After having paved the way through such discussion, you may wish to come to a dating agreement. In a dating agreement, issues such as dating age, number of dates permitted per week, curfews, purpose of dating, blind dates, and so on, are negotiated before the teenager enters the dating game. You will have to solicit as many suggestions as possible from your teenager as you draw up the agreement. Discussion and negotiation then have a solid footing.
Even more difficult to discuss but just as necessary is the topic of sexual behaviour. Parents often close the door to the discussion by being arbitrary. Overreaction only forces the teenager to defend her or her beliefs or to ‘go underground.’
Many parents will be shocked at how free young people are today when it comes to expressing physical affection. Be ready for some startling revelations and be prepared to give information in a non-judgmental manner.
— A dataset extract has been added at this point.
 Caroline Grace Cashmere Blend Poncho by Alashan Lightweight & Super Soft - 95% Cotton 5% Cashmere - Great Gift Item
‘Letting go’ is probably the most difficult parental duty during the teen years. Parents find it overwhelmingly difficult to think of their teenager functioning independently in today’s world. They’re aware of the dangers ahead such as premarital sex. They, therefore, become overzealous and try to force their teenager to make ‘right’ decisions.
We have only 18 to 20 years with a child to instill proper values. Then comes the time when we must maintain a hands-off policy regardless of how difficult it might be to watch them make mistakes that will affect their future.
Your child’s chances for making right decisions are better when she doesn’t have to fight you in order to maintain her adulthood and in independence.